I would caution the group to really think about their limitations of its application based on the current state of the market in the sense of … when Blockchain first became a thing in real estate, the initial revolution was going to occur in title, which seems obvious based on how inefficient title is. Invitation … Oh sorry. Fifth Wall, actually has an investment in a disruptive title company, but it’s premised on the application of data unique in interesting ways, but it doesn’t … right at this point have a Blockchain strategy. Why? The reason is because the Blockchain, while if you’re in a vacuum or in a black box, apply Blockchain to title it makes all the sense in the world. It is far more efficient. But to get every county, and every city, and every state across the entire US to buy into this new model is going to take years to do, even if it happens.

Andrew Jewett:

And lots of lawyers.

Brad Greiwe:

And lots and lots of lawyers. So-

Amy Wan:

Lawyers make all the money.

Brad Greiwe:

-we need to make sure that, whenever we think about that vacation, theoretically Blockchain can do a lot of interesting things, but there were limitations based on the unfortunate market that we live in today, and the restrictions that we have around data, and all these other things. So, there is a little bit of a caution, that sense of yes, this can be a really powerful tool, but there needs to be, I think a lot of thought that goes in around the what comes first and why. I think our funds initial interest in Harbor and why we made the investment, was Harbor was looking to solve what was a very clear roadblocks for institutional real estate owners, which was how do I make sure that I am compliant.

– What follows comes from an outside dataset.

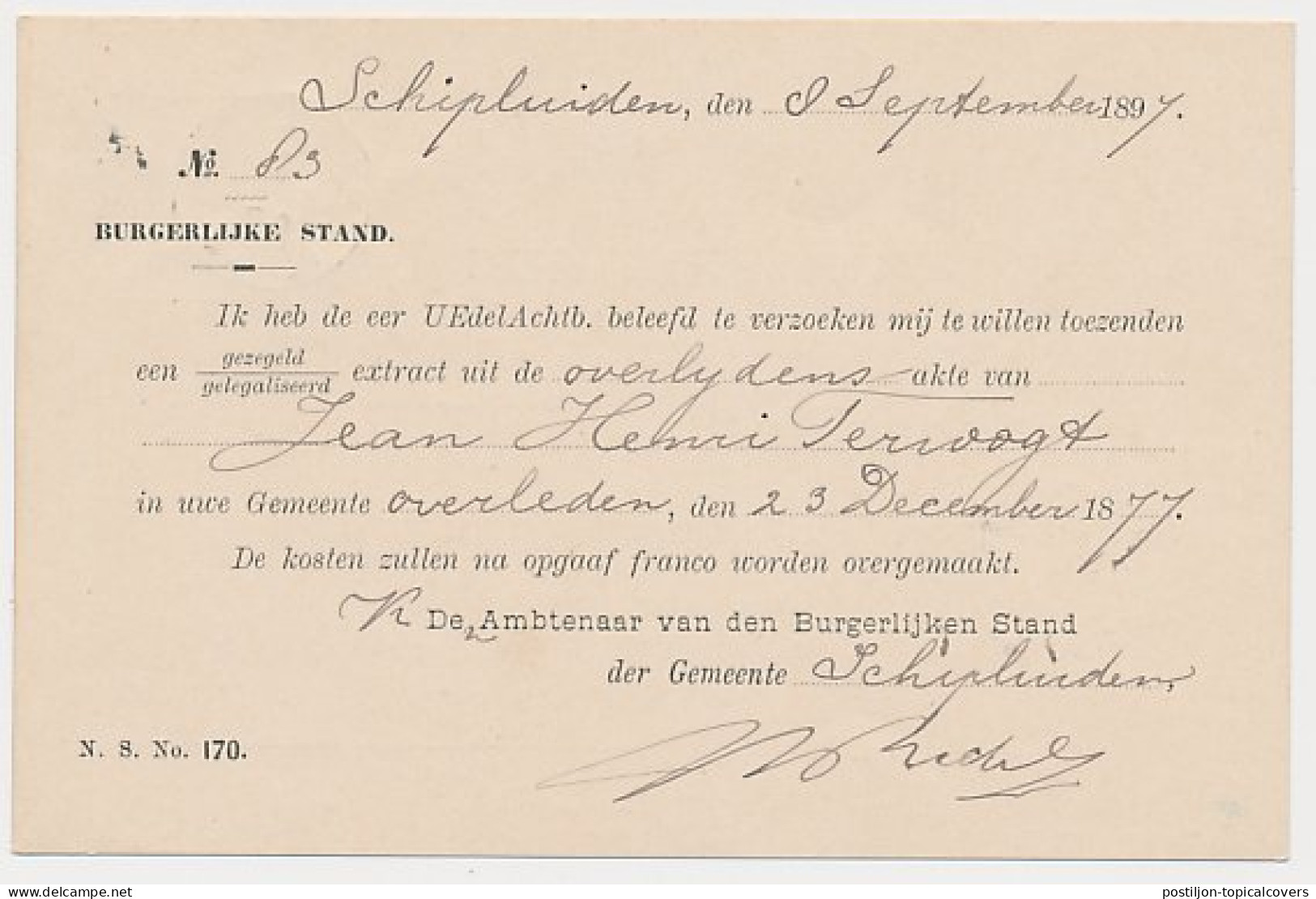 Kleinrondstempel Schipluiden 1897 - Zonder Classificatie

Because there’s nothing worse than I could ever do is promote this new technology, invite my investors to participate in it, and then have the SEC knocking on their doors. They need to make sure that this is very clearly SEC compliant, and checks all of the regulatory boxes and it has the same institutional and finish area approach to how they do their business currently. And that can’t happen without a Harbor protocol.

Amy Wan:

So, there’s … you bring up a good point, right? There’s a lot of excitement and hype in this space. You’re saying, there’s a word of caution, some limitations. Jason, are there any cautions or limitations, things that we should be thinking about on the regulatory or legal side? Everyone’s always talking about like, unbridled liquidity, it’s going to be great. Let’s all throw cash up in the air. Is that really going to be what it’s like?

Jason Myers:

Well, it’s interesting. I think we are very much in the early stages of where this could actually go. And I think at the end of the day it really does come down to whether people will trade in what you’re offering them. We are starting to see the ATS is being established and are there going to be market makers in the securities that you’re offering, whether it’s an out of a read or an LC, or whatever. But I think that’s really going to drive in whether this is all going to be successful or not.

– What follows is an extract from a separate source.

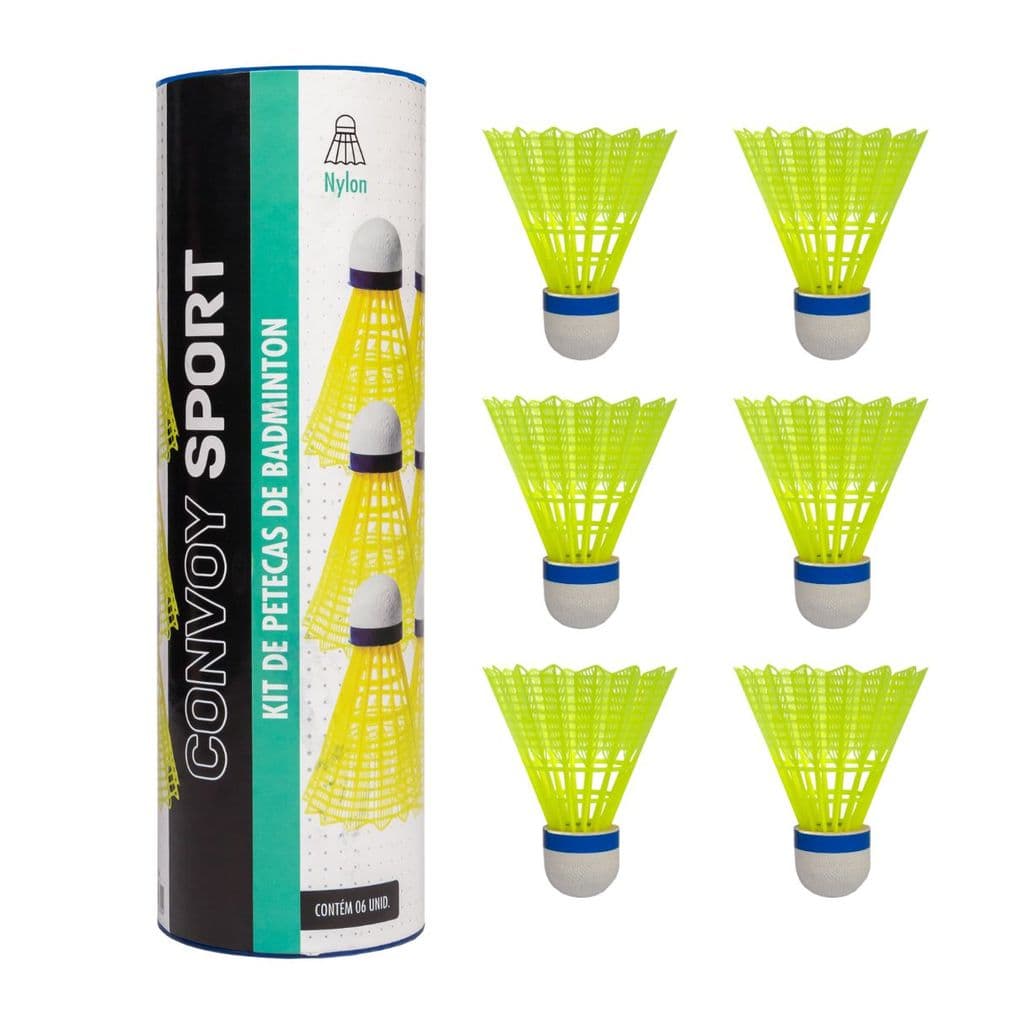TUBO COM 6 PETECAS DE BADMINTON CONVOY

And with some folks that we’re talking with, they are really approaching this as, and I think if you say it’s going to be on the Blockchain and it’ll be listed at one point in time in an ATS, I think there is some marketing pizazz to that. But at the end of the day, this isn’t how the offering really works is no different than the traditional format of a purely like a 506 Reg D Offering. You could also do it through Reg A Plus. But at least the clients that we’re working with and talking with, it’s thinking about structuring the real estate, whether it’s a blind pool or around an individual asset, or a portfolio. And in that case, whether you’re issuing common stock and potentially a digital format, or there’s some other interesting structures that we’ve been working with to execute a securities offering around real estate.

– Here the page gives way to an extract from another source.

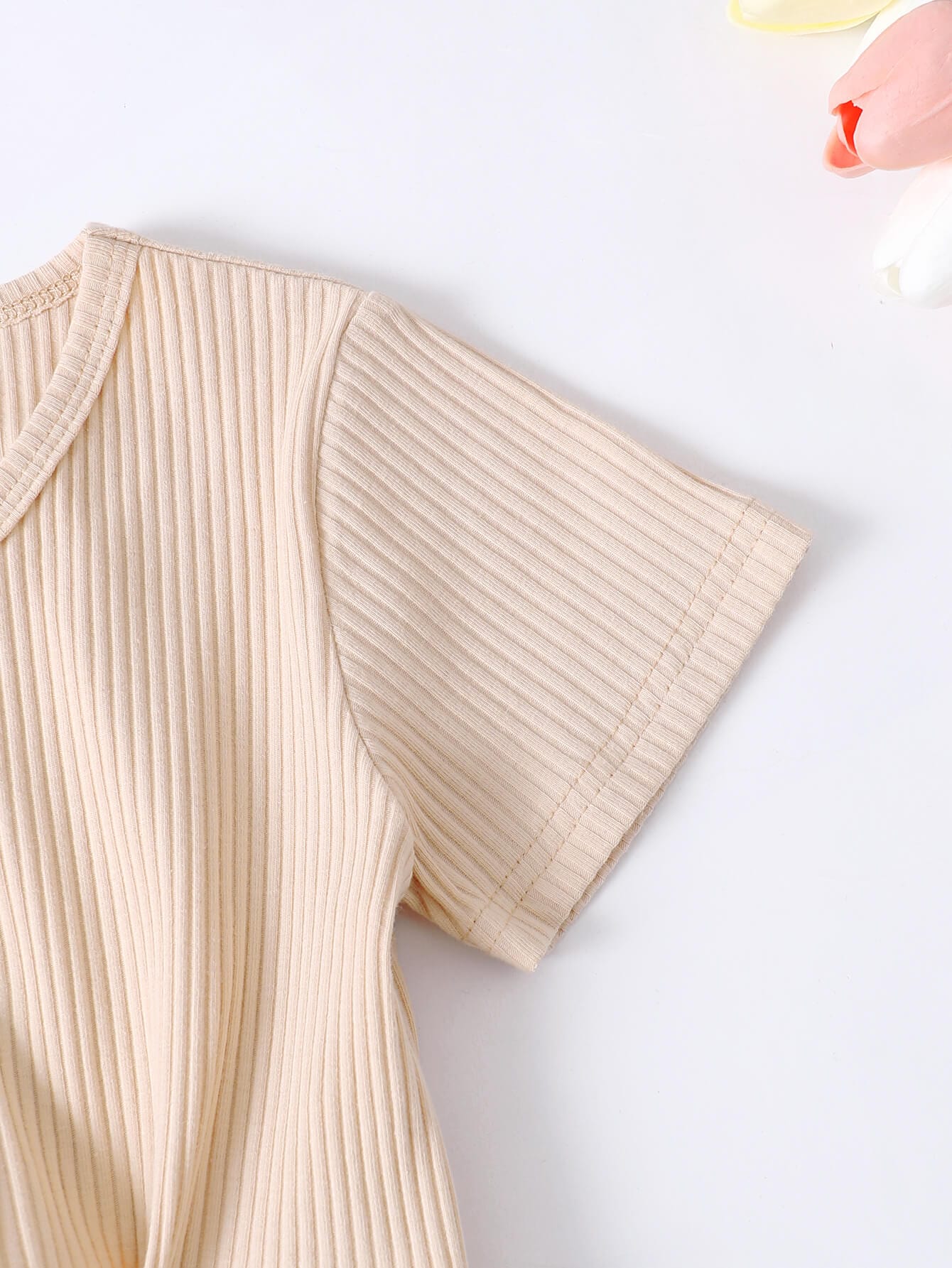 Girls Ribbed Buttoned Top and Flare Pants Set、mySite、g9winljtr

So, I think that when people think about tokenization and securities tokens, I think for those that are not very familiar with it, they may be like, “Oh, well that just adds a lot of complication.” But at the end of the day, from a securities’ perspective, I think we are taking the view that what we are offering is a security and you were doing it in a kind of traditional format. And some folks are, if they’re doing the private offering, they may actually say that we are not … this is not going to be tokenized out of the gate, but some date in the future it will be okay.

Amy Wan:

Interesting.

Brad Greiwe:

That’s a great point. There’s a lot of organizations that are structuring whatever that instrument is to be tokenized at some point in the future. Which is a good exercise, right? Because they have to ... They’re going through all that legal and regulatory compliance internally to ensure if and when they’re ready, that they have all those approvals and their organization is set up to help facilitate it. And when the market is ready, because again, like the Mark … There are pieces in place but they’re not all connected. We talked about there’s a new exchange, like all that stuff still needs to happen. So, we’re still waiting for those pieces to be connected.

But I think making sure that the right participants have the interest and have done their homework, I think when that eventually does happen and it will, you’ll have active market participants that are willing and able to use those tools.

Amy Wan:

Do we also need to see standardization of the legal and the regulatory structures, and the frameworks just because in order to make everything super-efficient and scalable. So first it’s a transaction cost perspective, right? But secondly, I can’t really imagine you have all these real estate token listings on some sort of marketplace where ATS, but they’re all structured in different ways. That makes it incredibly hard to evaluate, right?

Andrew Jewett:

For sure. And I think you will start to see that, but the nature of the asset is it’s so different that … You look at the securitization markets, all transactions are different, every single one of them. So, it’s a function of the underlying asset. And then back to your previous question, I think everybody thought last year that just tons and tons of money was going to just be thrown at these coins and these real estate things, and these transactions, and the thing that I always said was you have to take the step back and make sure the deal’s a good deal too, right? Like the economics of it, the tokenomics of it have to make sense.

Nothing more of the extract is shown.